Sun Oct 28 19:27:52 GMT 2012

On Sun, Oct 28, 2012 at 5:55 PM, Mark <markg85 at gmail.com> wrote:
> On Sun, Oct 28, 2012 at 1:39 AM, Mark <markg85 at gmail.com> wrote:
>> On Sat, Oct 27, 2012 at 10:14 PM, Mark <markg85 at gmail.com> wrote:
>>> On Fri, Oct 26, 2012 at 9:48 PM, Mark <markg85 at gmail.com> wrote:
>>>> On Fri, Oct 26, 2012 at 9:40 PM, Bernd Buschinski
>>>> <b.buschinski at googlemail.com> wrote:
>>>>> On Friday 26 October 2012 21:21:39 Mark wrote:
>>>>>>
>>>>>> Oke, i got "something" working now but i kinda miss some more
>>>>>> knowledge in the sorting area.
>>>>>>
>>>>>> First the current implementation.
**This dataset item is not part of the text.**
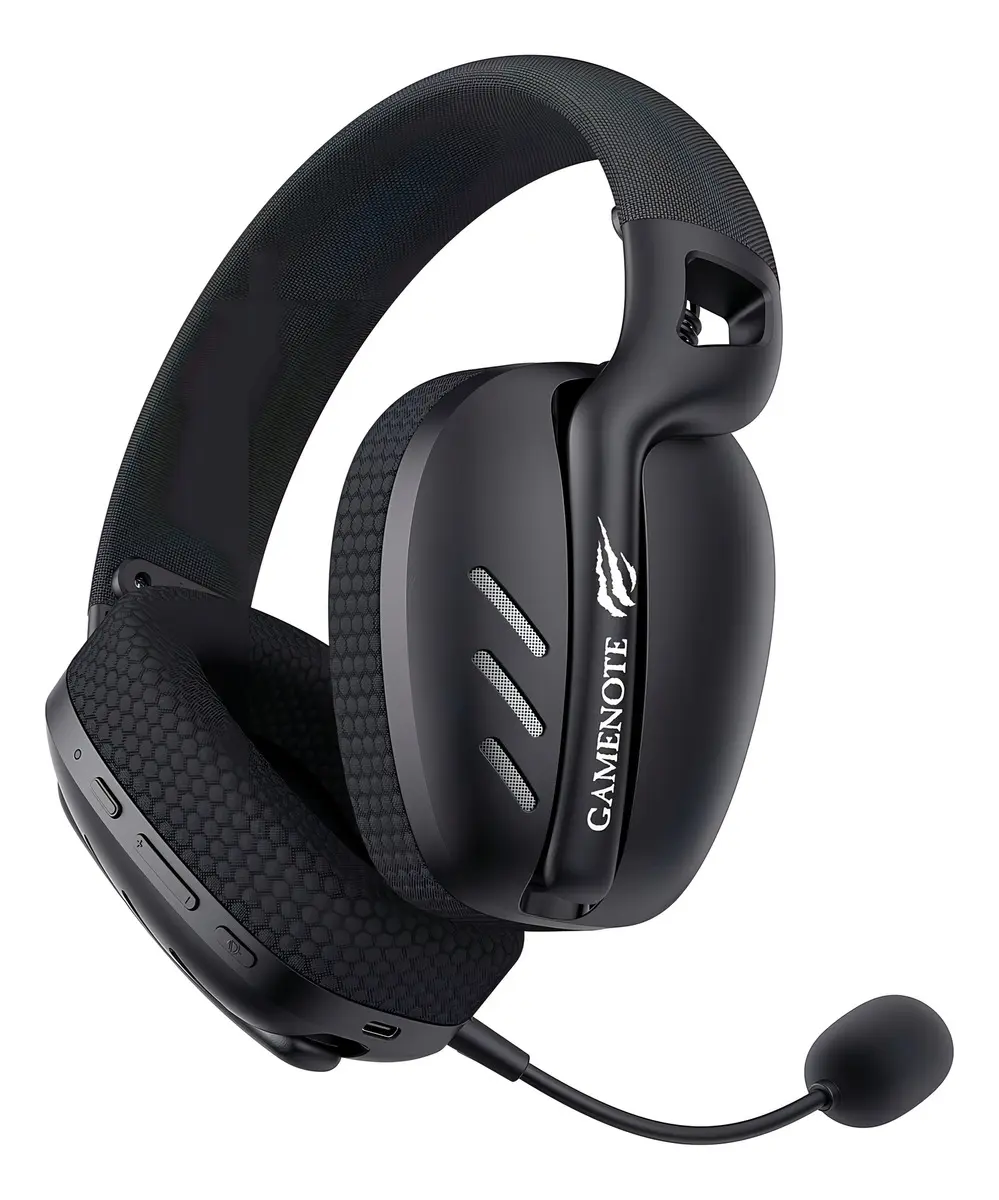 Vista lateral do headset Havit Fuxi H6 destacando detalhes do acabamento e botões de controle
I went for a structure like this:
>>>>>> struct KFileItem
>>>>>> {
>>>>>>     QString collatingSequence;
>>>>>>     QString filename;
>>>>>>     ....
>>>>>> };
>>>>>>
>>>>>> Note: this is just in a clean new (one file) project so don't bother the
>>>>>> names.
>>>>>>
>>>>>> filename is obviously the filename. collatingSequence is a copy of
>>>>>> filename. In that collatingSequence i'm tweaking the unicode values
>>>>>> and lower them for numbers. So the intention is to have numbers shown
>>>>>> before characters.
>>>>>>
>>>>>> So:
>>>>>> 000.txt (in unicode: 48, 48, 48, 46, 116, 120, 116)
>>>>>> a.txt (in unicode: 97, 46, 116, 120, 116)
>>>>>> ...
>>>>>>
>>>>>> And i tweaked that to look like this: (1 + num)
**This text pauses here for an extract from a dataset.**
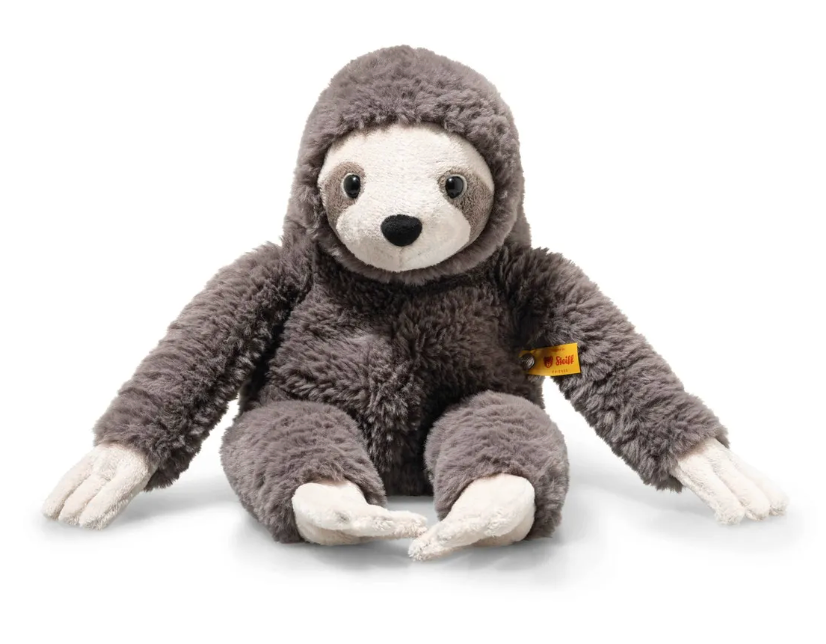 Soft plush sloth toy with weighted body and gentle expression, perfect for cuddling and comforting children.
>>>>>> 000.txt (in unicode: 1, 1, 1, 46, 116, 120, 116)
>>>>>> a.txt (in unicode: 97, 46, 116, 120, 116)
>>>>>> ...
>>>>>>
>>>>>>
>>>>>> That part "seems" to be oke in theory but i'm getting stuck when
>>>>>> sorting. For this "proof of concept" i simply use qSort like so:
>>>>>> QList<KFileItem> fileList;
>>>>>>
>>>>>> ... add a bunch of items in fileList ...
>>>>>>
>>>>>> qSort(fileList.begin(), fileList.end(), lessThan);
>>>>>>
>>>>>> lessThan is where i'm stuck. I simply don't understand yet how
>>>>>> lessThan should work. What conditions i should do and when i should
>>>>>> return false or true.. My current version looks like this:
>>>>>> bool intSort(const KFileItem& s1, const KFileItem& s2)
>>>>>> {
>>>>>>     const QChar* sOne = s1.collatingSequence.unicode();
>>>>>>     const QChar* sTwo = s2.collatingSequence.unicode();
>>>>>>
>>>>>>     while(!sOne->isNull() && !sTwo->isNull())
>>>>>>     {
>>>>>>         if(sTwo->unicode() < sOne->unicode())
>>>>>>         {
>>>>>>             return false;
>>>>>>         }
>>>>>>
>>>>>>         ++sOne;
>>>>>>         ++sTwo;
>>>>>>     }
>>>>>>
>>>>>>     return true;
>>>>>> }
>>>>>>
>>>>>> Which compiles and runs, but does a very strange sorting :p
>>>>>> If someone can explain what the intended implementation is for a lessThan..?
>>>>>>
>>>>>> Kind regards,
>>>>>> Mark
>>>>>
>>>>> isn't the if wrong? shouldn't this be "if a is less than b"?
>>>>>
>>>>> so
>>>>>         if(sTwo->unicode() < sOne->unicode())
>>>>>         {
>>>>>             return false;
>>>>>         }
>>>>>
>>>>> should be
>>>>>
>>>>>         if(sOne->unicode() < sTwo->unicode())
>>>>>         {
>>>>>             return false;
>>>>>         }
>>>>>
>>>>> or? (untested)
>>>>>
>>>>>
>>>>>
>>>>> all:
>>>>>
>>>>> bool intSort(const KFileItem& s1, const KFileItem& s2)
>>>>> {
>>>>>     const QChar* sOne = s1.collatingSequence.unicode();
>>>>>     const QChar* sTwo = s2.collatingSequence.unicode();
>>>>>
>>>>>     while(!sOne->isNull() && !sTwo->isNull())
>>>>>     {
>>>>>         if(sOne->unicode() < sTwo->unicode())
>>>>>         {
>>>>>             return false;
>>>>>         }
>>>>>
>>>>>         ++sOne;
>>>>>         ++sTwo;
>>>>>     }
>>>>>
>>>>>     return true;
>>>>> }
>>>>>
>>>>>
>>>>> Best regards
>>>>> Bernd
>>>>>
>>>>
>>>> Nope, i tried that but it doesn't improve sorting.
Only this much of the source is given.